Abstract. The primary aim of this research is to investigate how geodetic monitoring can offer valuable constraints to enhance the accuracy of the source model in probabilistic seismic hazard assessment. We leverage the release of geodetic strain rate maps for Europe, as derived by Piña-Valdès et al. (2022), and the ESHM20 source model by Danciu et al. (2024) to compare geodetic and seismic moment rates across Europe, a geographically extensive region characterized by heterogeneous seismic activity. Seismic moment computation relies on the magnitude-frequency distribution proposed in the ESHM20 source model logic tree, which is based on earthquake catalogs and fault datasets.

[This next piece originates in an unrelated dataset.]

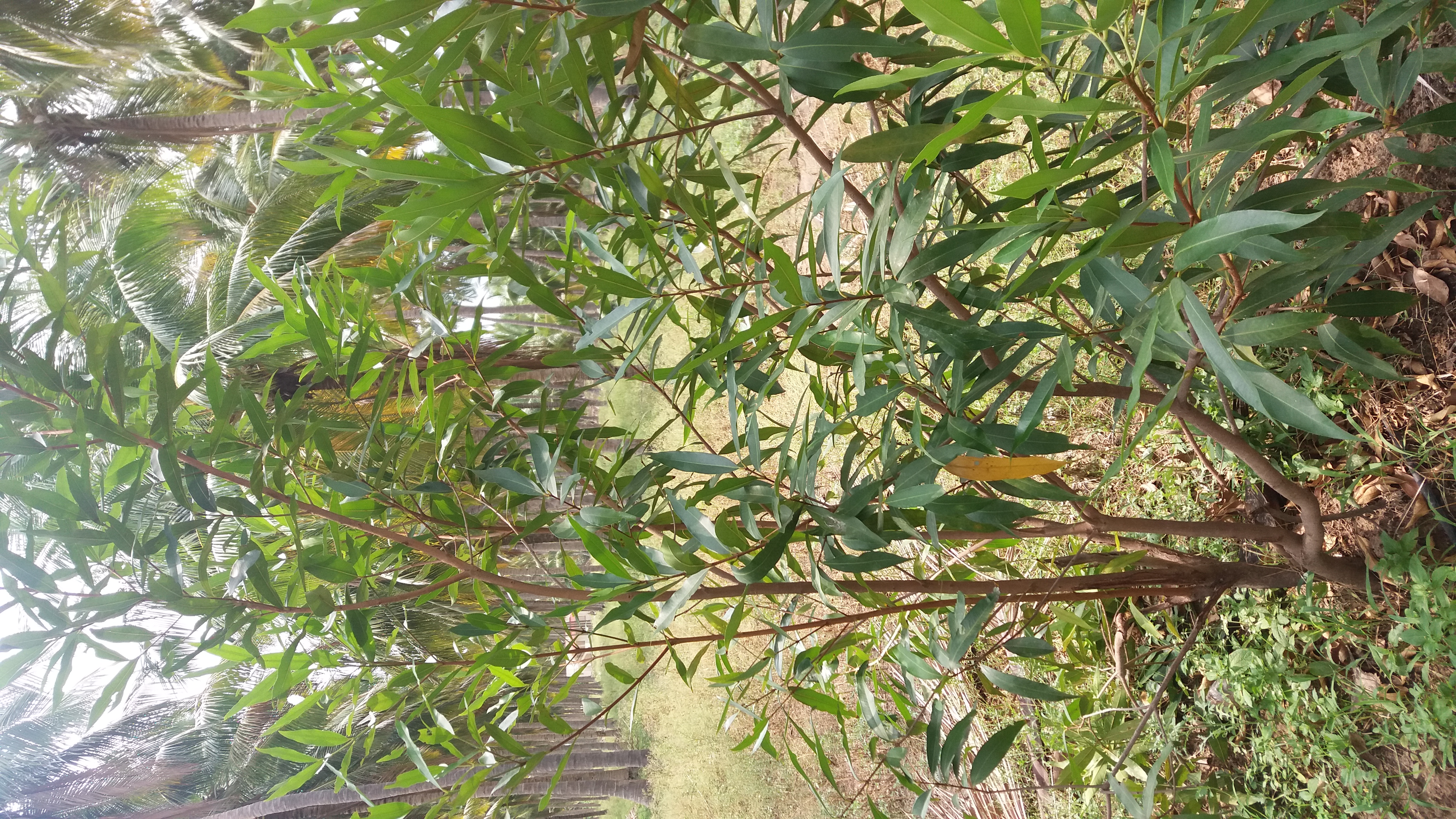 General Big tree no fruits (rose apple)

This approach allows us to account for epistemic uncertainties proposed in ESHM20. On the geodesy side, we meticulously calculate the geodetic moment for each zone, considering associated epistemic uncertainties. Comparing the distributions of geodetic and seismic moments rates at different scales allows us to assess compatibility. The geodetic moment rate linearly depends of the seismogenic thickness, that is therefore a pivotal parameter contributing to the uncertainty. In high-activity zones, such as the Apennines, Greece, the Balkans, and the Betics, primary compatibility between seismic and geodetic moment rates is evident. However, local disparities underscore the importance of source zone scale; broader zones enhance the overlap between geodetic and seismic moment rate distributions. Discrepancies emerge in low-to-moderate activity zones, particularly in areas affected by Scandinavian Glacial Isostatic Adjustment, where geodetic moment rates exceed seismic moment rates significantly. Nevertheless, in some zones where ESHM20 recurrence models are well-constrained, by either enough seismic events in the catalogue or mapped active faults, we observe an overlap in the distributions of seismic and geodetic moments, suggesting the potential for integrating geodetic data even in regions with low deformation.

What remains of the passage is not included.